Wednesday, September 21, 2011

Why English Will Never Be 100% Automated: Example

One of the nice features of the Kindle eBook service is they way they copy-edit some of their better-selling books. This can be a particularly important service for print books that have been scanned to make eBooks. For instance, Amazon recently wrote about my Kindle book, An Introduction to General Systems Thinking:

Typo issues exist that may have been caused by an Optical Character Recognition (OCR) problem.

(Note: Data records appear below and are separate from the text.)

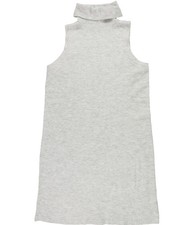 MSK Womens Sleeveless Turtleneck Sweater Dress, gray, M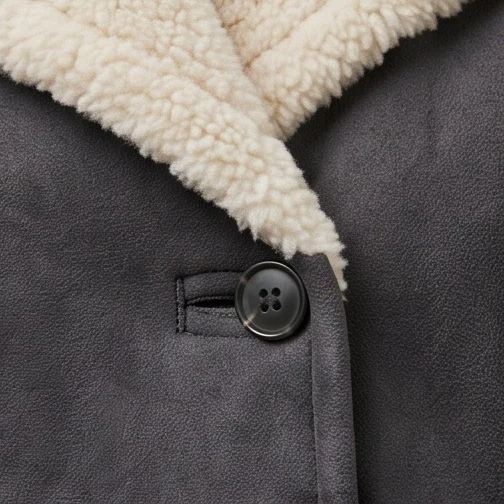 Women’s Charcoal Grey Double-Breasted Suede Shearling Peacoat - Image 5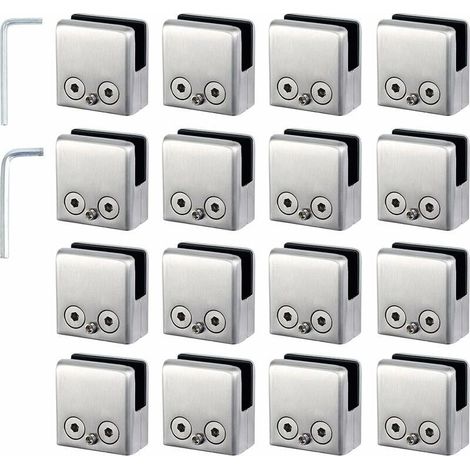 16pcs Pinces à Verre 8-10mm Support Verre dans Pinces en Acier Inoxydable Arrêtez Verre de Forme Carrée 8-10mm avec 2 Clés Hexagonales pour Balustrade d'Escalier - RWAccessoire pour miroir (1/5)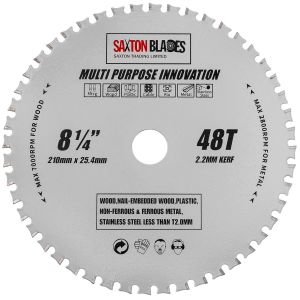 TCT21048TMPT254B Lame de scie circulaire multi-usages 210 mm x 48 dents x 25,4 mm alésage bois et métal Compatible avec Evolution - Neuf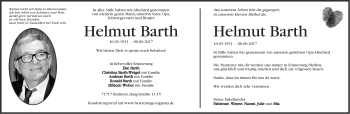 Traueranzeige von Helmut Barth von Marbacher Zeitung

Few examples are given below:

loc 1561 - "T call them" should be " I call them".
loc 2946 - "But 1 still can't" should be "But I still can't".
loc 3351 - "Shasta the liger" should be "Shasta the tiger".

Please look for the same kind of errors throughout the book.

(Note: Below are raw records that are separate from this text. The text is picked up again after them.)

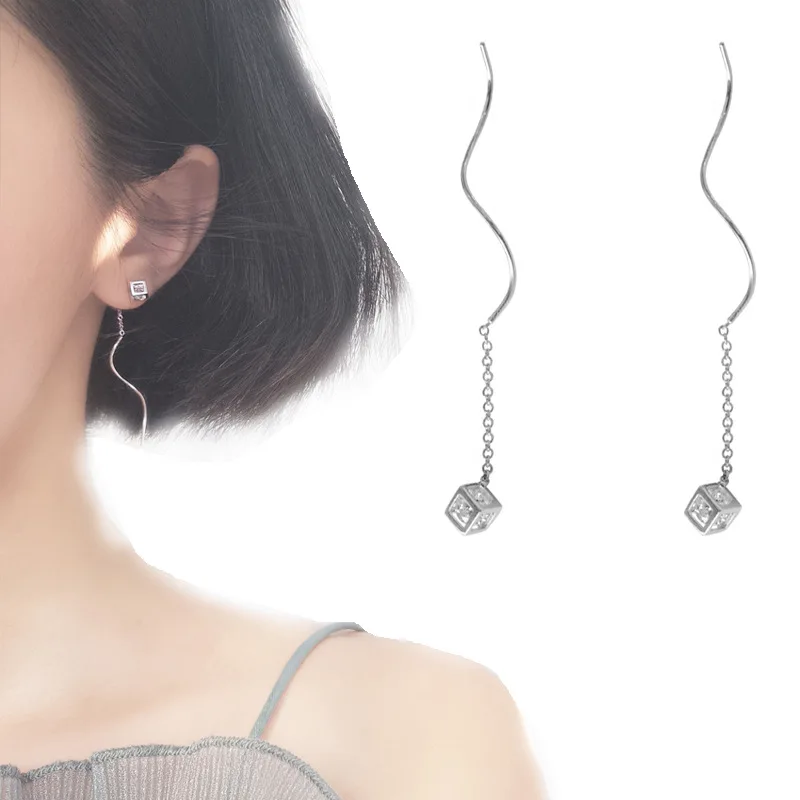 

Simple Fashion Design Silver Plated Long Tassel Ear Line Wave Zircon Cube Drop Earrings for Women Girl Korean Temperament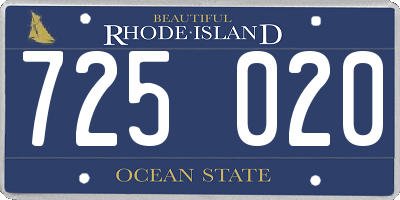 RI license plate 725020
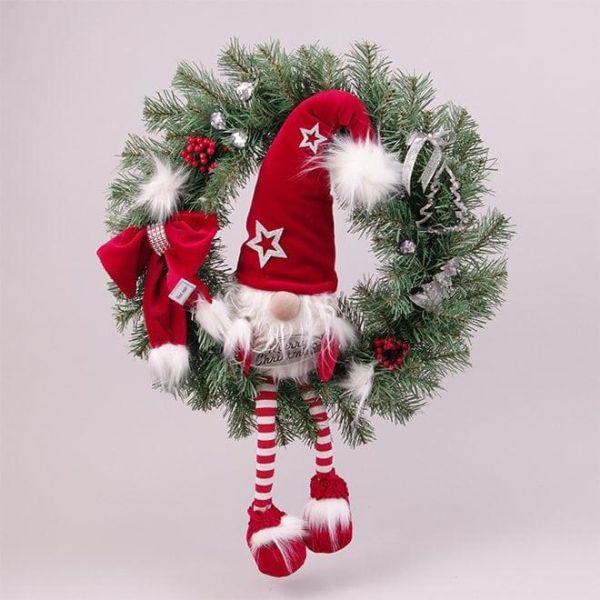 Новогодний венок с гномом в красной шапке 40 см. 16478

The first two instances are common OCR (Optical Character Recognition) errors: "T" for "I" and "1" (the numeral) for "I" (the capital letter).

The third example is a not quite so common OCR error, "l" (the letter) for "t". And, in this case, it's not an error at all.

The sentence in question was:

We do not often have our excessively sharp view of the world challenged by phenomena like Shasta the liger at the Salt Lake City Zoo, whose father was an African lion and whose mother was a Bengal tiger.

Still, the sentence contains a more subtle error: the failure of the author (me) to account for the mental state of the typical reader, for whom the term "liger" may be unfamiliar. (Even though it is found in at least 16 on-line dictionaries.)

I corrected this much more subtle error by redrafting the questionable sentence as:

We do not often have our excessively sharp view of the world challenged by phenomena like Shasta the "liger" at the Salt Lake City Zoo, whose father was an African lion and whose mother was a Bengal tiger.

As I dealt with this situation, I kept sighing and thinking, "English will never be entirely automated."

And then I took a deep breath and thought, "I suppose I prefer it that way."

How about you? Would you like English to be entirely clear and logical?